Github has a maximum size of 50 mb per file under management. And that normally works just fine – until the age of machine learning. Machine learning models are big, staggeringly big. I'm currently working on a project where the underlying model is like 830 + mb.
Now when you have large files, git has a facility called "Git LFS" (large file support) and they purport that it is the solution but, well, it really, really isn't. Here's what I just ran across (platform is Ubuntu 18 and Ansible):
- I have a playbook that handles git clone / git update.
- When you initially install, the git clone only brings down the non lfs files.
- I then remembered the lfs issue and modified the playbook to install lfs and run the per repository installation command (cd into your repo directory and then git lfs install).
- The next stage in the playbook did a git pull and my expectation was that the pull would bring in the large model. Unfortunately it did not so I had a real wtf moment.

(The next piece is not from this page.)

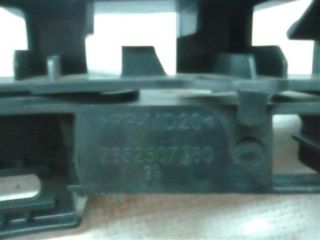 bontott CITROËN C4 Bal első Lökhárító Tartó (Műanyag)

I then logged into the machine manually and deleted the repo and cloned it manually. And, voila, I got the full model coming down.
Before Git LFS Install
du -hcs hate-language-modeling/ 16K 0hate-language-modeling/ 16K total
After Git LFS Install Using Manual Git Clone
du -hcs hate-language-modeling/ 836M hate-language-modeling/ 836M total
Given the importance of automated deploys, this really makes me concerned about using git lfs moving forward. Yes it is wonderful that I can run the per repository installation command and have it work even after the directory is installed but the git pull, after that command was run, should have brought down the entire model.